▸ WORK TO COMPLETE
Once you reach the line containing "VS1 1.46 ct PEAR Diamond" in the data below, restate each line word for word up to and including the one containing "Melody Of The Woods / Electrocution".

▸ INFORMATION SHOWN
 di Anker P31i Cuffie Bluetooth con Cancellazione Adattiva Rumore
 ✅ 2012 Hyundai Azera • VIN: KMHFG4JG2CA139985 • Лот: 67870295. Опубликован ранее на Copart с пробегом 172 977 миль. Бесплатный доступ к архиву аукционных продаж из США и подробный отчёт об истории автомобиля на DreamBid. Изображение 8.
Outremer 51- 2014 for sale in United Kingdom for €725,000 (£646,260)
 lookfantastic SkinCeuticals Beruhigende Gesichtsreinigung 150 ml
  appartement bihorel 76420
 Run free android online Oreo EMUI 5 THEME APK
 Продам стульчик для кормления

--

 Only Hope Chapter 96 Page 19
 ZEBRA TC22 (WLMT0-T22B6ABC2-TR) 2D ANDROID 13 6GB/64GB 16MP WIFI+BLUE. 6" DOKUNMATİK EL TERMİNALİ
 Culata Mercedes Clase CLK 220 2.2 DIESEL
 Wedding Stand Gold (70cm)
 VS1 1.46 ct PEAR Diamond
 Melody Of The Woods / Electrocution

▸ RESPONSE TO THE EXERCISE
 VS1 1.46 ct PEAR Diamond
 Melody Of The Woods / Electrocution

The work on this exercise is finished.